Deutschland braucht Zuwanderung

Die Einsicht, dass Deutschland Zuwanderer braucht, hat sich inzwischen politisch weitgehend durchgesetzt. Gemeint sind Menschen, die die Freizügigkeit innerhalb der EU nutzen können, Fachkräfte von außerhalb der EU, Flüchtlinge oder Asylsuchende. Das sind unterschiedliche Zielgruppen, die auch unterschiedlich bewertet werden müssen. Auffallend ist, dass im innenpolitischen Diskurs wenig davon geredet wird, Zuwanderung nicht allein unter Opportunitätsgesichtspunkten darzustellen, sondern insgesamt als einen Gewinn für eine Gesellschaft zu sehen, die sich der Herausforderung des gesellschaftlichen Wandels ausgesetzt sieht. Am deutlichsten sind die Rufe aus der Wirtschaft (Fachkräftemangel!). Unternehmen werden selbst tätig und locken Arbeitskräfte aus EU-Ländern, in denen die (Jugend-)Arbeitslosigkeit besonders hoch ist, mit attraktiven Angeboten. Dass damit der „Brain-Drain“ angefacht wird, bleibt weitgehend unbeachtet.

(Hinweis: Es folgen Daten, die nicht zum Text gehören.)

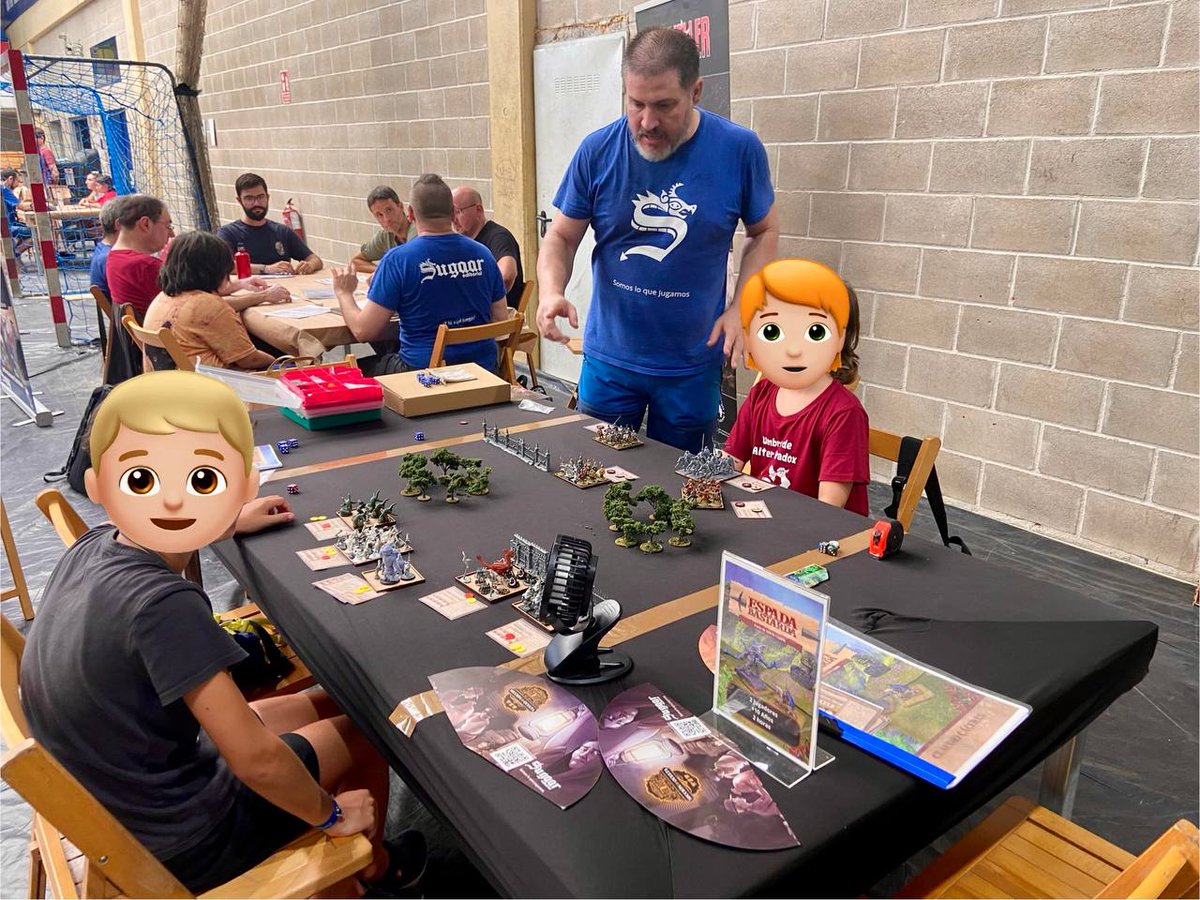 El viernes completamos otra jornada de juegos en las Umbras. Atrapados #Traveller, Raven City #SistemaImpulso, Batallas de #EspadaBastarda.
¡Hoy seguimos con más juegos de mesa y partidas de rol!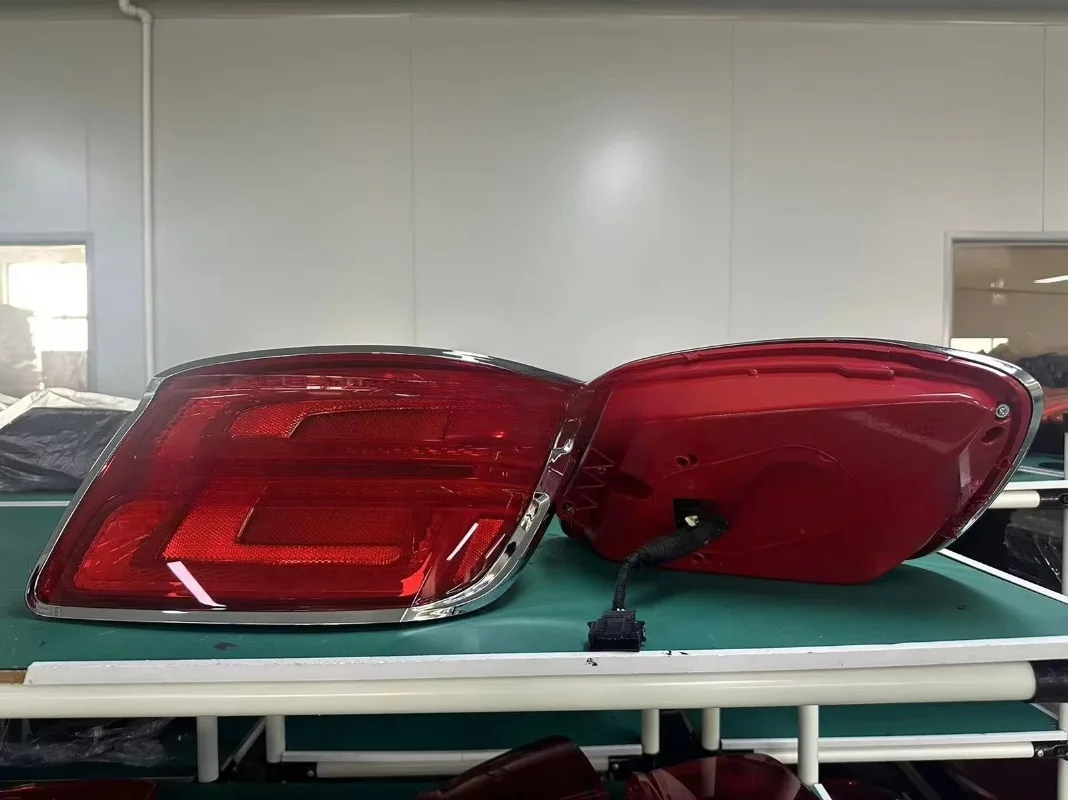Pair Tail Light Assembly forFlying Spur 2020 Rear Lamp Car Lights Auto Parts
Pair Tail Light Assembly forFlying Spur 2020 Rear Lamp Car Lights Auto Parts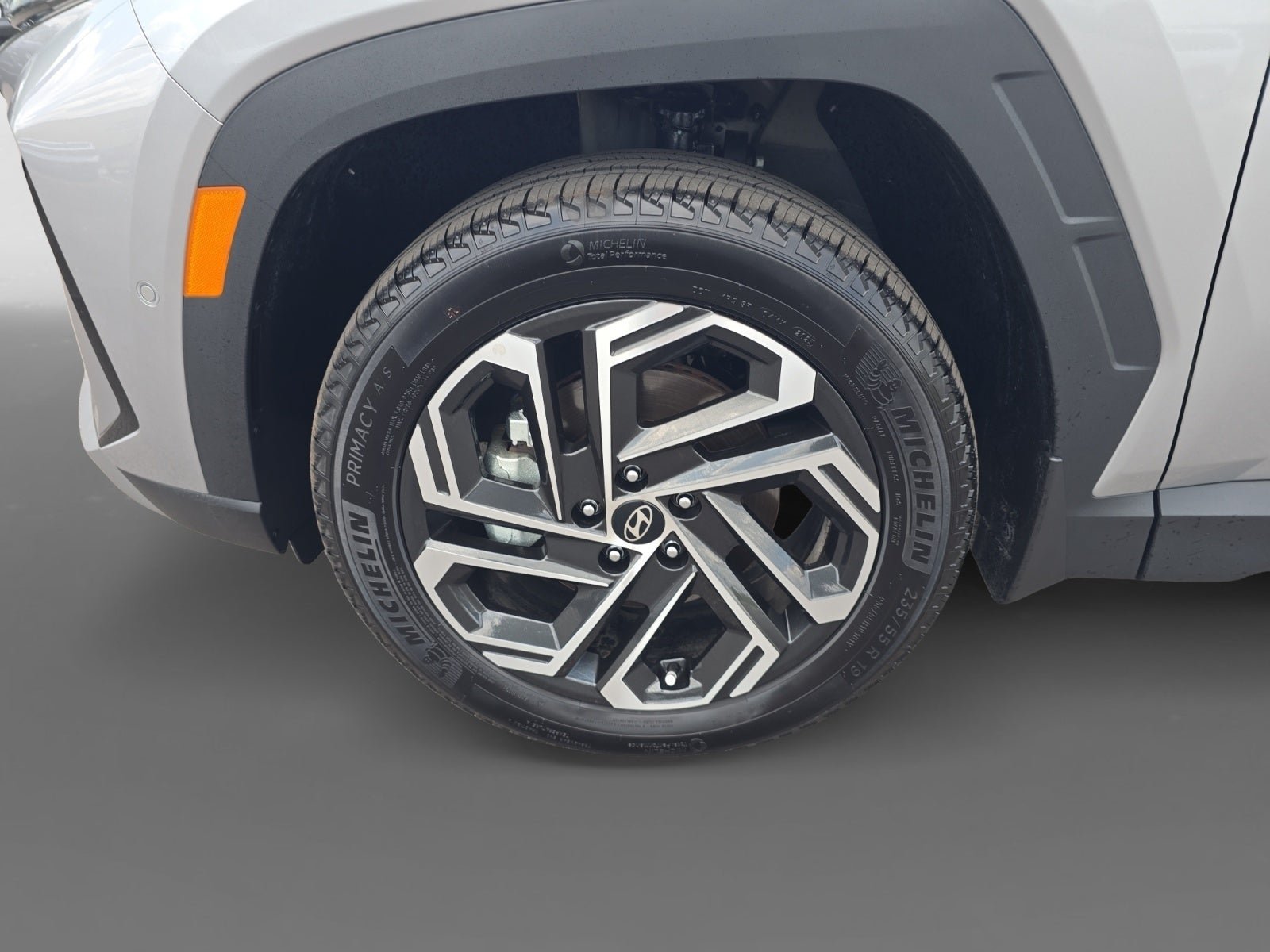 Certified 2026 Hyundai Tucson Limited AWD/4WD image 9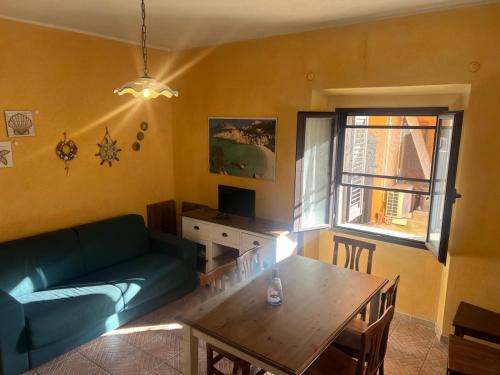Buddittogliu Straulas House | Tre e Trenta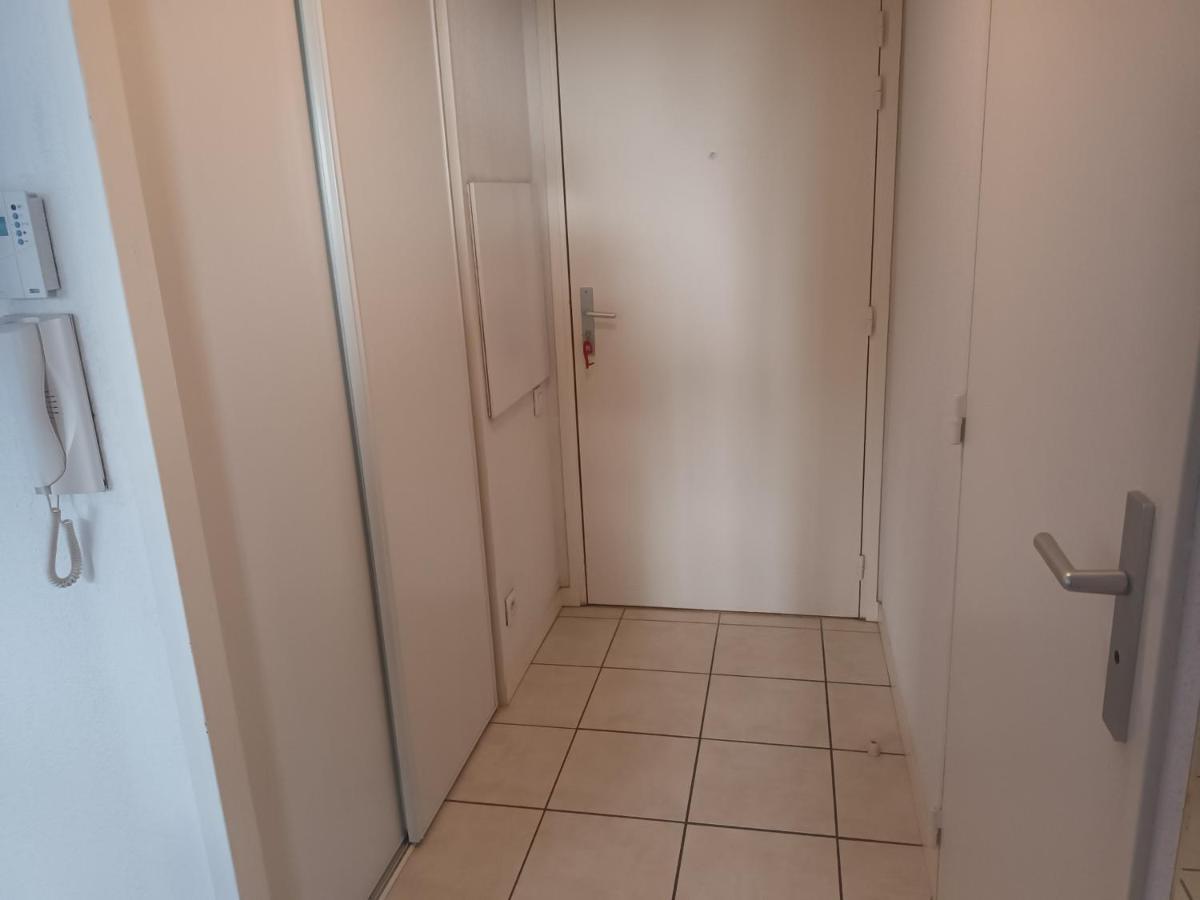Calme T2 Avec Terrasse A Hendaye, Proche - Fr-1-239-780 *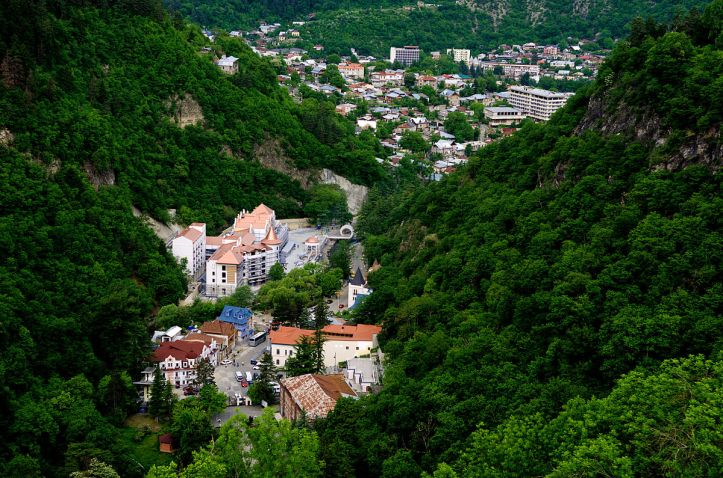 1200px-Borjomi_bu_Shioshvili
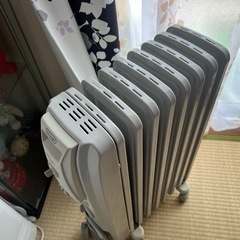 デロンギ　オイルヒーター　お取引中の画像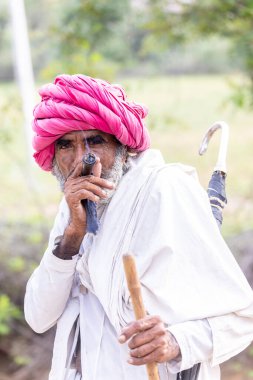 Jawai, Rajasthan, Hindistan - Eylül 2021: Jawai sahasında Rabari etnik grubuna mensup bir erkek çobanın portresi.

Ein folgenschwerer Fehler bei der Anwerbung von Arbeitskräften in Zeiten des wirtschaftlichen Aufschwungs war die naive Annahme, die Menschen würden nach einer bestimmten Frist wieder in ihre Heimatländer zurückkehren. Max Frisch hat diese irrige Annahme schon 1965 in den Satz gefasst: „Wir riefen Arbeitskräfte, und es kamen Menschen.“ Sie kamen in großer Zahl, mit ihrer je eigenen Mentalität, Sprache, Kultur, ihrem Glauben, ihrer Hoffnung, ein neues Zuhause zu finden. Kinder wurden geboren, sie wurden Teil des deutschen Erziehungs- und Bildungssystems, binationale Ehen wurden geschlossen, Unternehmen gegründet, Häuser gebaut. In Deutschland fehlte von Beginn an ein Konzept, wie die zugewanderten Menschen in das Gesellschafts- und Wertesystem integriert werden sollten. Die Auswüchse hat Ernst Klee schon früh dokumentiert. Spätestens mit der Anwerbung in der Türkei und dem Anfang der 1970er Jahre verfügten Anwerbestopp bekam die „Ausländerfrage“ eine neue Dimension. Längst hatten sich Parallelgesellschaften gebildet, deren Konsequenzen bis heute spürbar sind.

Hatten sich die Wohlfahrtsverbände in der Anwerbephase darauf geeinigt, die Arbeitsmigranten je nach konfessioneller Prägung zu betreuen, so blieben die Zuwanderer aus den vom Islam geprägten Ländern weitgehend sich selbst überlassen. Das führte zu erheblichen Unterschieden in der Entwicklung, die sich bis heute in den später gebildeten und miteinander konkurrierenden Verbänden und Vereinigungen sowie Moscheegemeinden anschaulich zeigen. Der Wunsch, eigenen Traditionen treu zu bleiben war ebenso vorherrschend wie die Bindung an die eigene Sprache und das jeweilige Herkunftsland. Eine Integration in die deutsche Gesellschaft fand nur unzureichend statt, weil auch die Aufnahmegesellschaft wenig Interesse entwickelte, die Zuwanderer willkommen zu heißen. So blieben viele Fremde in der Fremde und suchten nach „Nischen“, in denen sie sich heimisch fühlen konnten.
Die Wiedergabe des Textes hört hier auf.